There’s beauty to the cyclical nature of fashion as it creates a circular space for recomposing our shared memories. An infinite well of creativity and diversity opens up when we experience fashion as a story we can relive and rewrite, versus consume and throw. Carbon copy revivals of 90s fashion by Balenciaga or Taylor Swift bringing back her braided millennial hairstyle carried us because of their resonance that was much more than aesthetic. Fashion, art, culture, design writer and art historian Sophie Axon in her essay Fashion keeps repeating itself, and we keep forgetting, sums our relationship with fashion timescales “We do not simply dress for the present moment; we dress through it. Sometimes those memories surface vividly. Not as abstractions, but as visual rhymes: a hemline echoing another century, a pair of earrings that bridge generations. These moments are not accidental. They are emotional flashpoints.”

However, in the past decade, and more noticeably during and after the pandemic, we became obsessed with hollow microtrends disguising as new, when they were nostalgic reboots spread online by Monday, dead by Friday, fuelling fast fashion consumption. I coined this the Hypercycle in 2021: a relentless, accelerating churn of trends that creates overwhelming amounts of noise and waste in equal measure. Somewhere in the chaos and what I view as a collective act of self-betrayal, fashion lost the plot entirely: exhausting designers, overwhelming consumers, diluting what personal style means, all whilst devastating the planet.  

But fashion history is built on counter reactions. Sustainable fashion journalist, content creator and campaigner Katie Robinson explains in Did 2025 kill the trend cycle? how the incessant trend cycle has created a backlash, a loss of trust in the entire fashion industry, fuelled by micro trend and influencer fatigue that has left consumers and fashion lovers feeling empty. She describes this as a societal shift reflecting the growing weariness of social media content, influencers and TikTok fashion culture, stating ‘reach without resonance is a dead end’. Out of touch micro trends are now a ‘low status behaviour’ according to Robinson, whilst Michael Appler, communications director at analytics firm Trendalytics, describes them as “meme-like abstractions”.
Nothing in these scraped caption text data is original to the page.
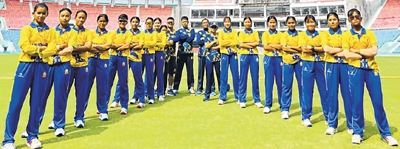 Women Cricket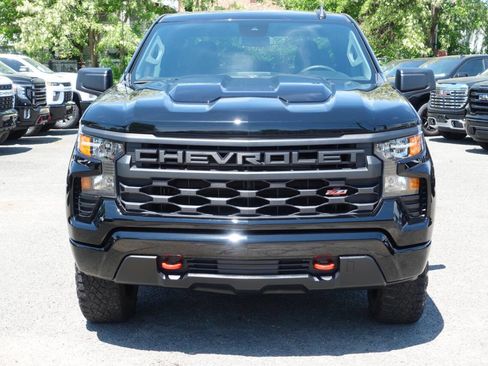 Used 2022 Chevrolet Silverado 1500 Custom Trail Boss image 5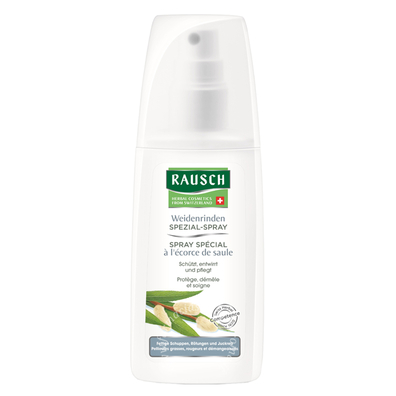 Rausch Spray speciale alla corteccia di salice 100 ml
Social anxieties have always been reflected in Fashion which acts as a mirror of our times and current global risks indicators are sky high, as outlined in the World Economic Forum’s recent Global Risks Report 2026. The world feels unstable, the job market is shrinking and the cost-of-living is skyrocketing. YouTuber Social Symone in  Are Luxury Influencers Out of Touch… Or Is Everybody Just Broke? describes how fashion influencer content has become economically and psychologically unsustainable for consumers, especially content focused on Haul Culture and luxury lifestyle.

Instead, there is a return to the ‘mother nature’ of why we dress: developing personal style. Beth Bentley, Founder of Tomorrowism and author of the popular Substack Pattern Recognition, lists in Is the trend cycle finally slowing down? the 4 backlash reasons consumers are focusing on going back to fashion’s essence:

  • “PERMANENCE in the motion-sickness whiplash merry-go-round.

  • AUTONOMY when so much feels out of our control.

  • INDIVIDUALITY vs algorithmic groupthink.

  • CLARITY in the confusing melee of too-much-choice.”

What makes fashion matter? It has always been expressing the self through style, a combined embodiment of history, modernity and self-expression. We write our own unique reality, displaying our evolving inner nature to others through clothing. But our fashion reconfigurations are more than individualistic, they are a reflection of humanity's collective memory and expression. This questions the seat of personal style from the vantage point of the collective human project seeking connection, rather than an isolated atom seeking personal fame.

Trends, personal style, fashion, all behave exactly like natural systems. They are interdependent, they rise, recede and return. Aesthetics, moods or ‘vibes’, as we frame them today, surface in new contexts but are rooted in what came before. Trends are circular ecosystems with their own natural truth steeped in shared memory because fashion has always been in conversation with its own past.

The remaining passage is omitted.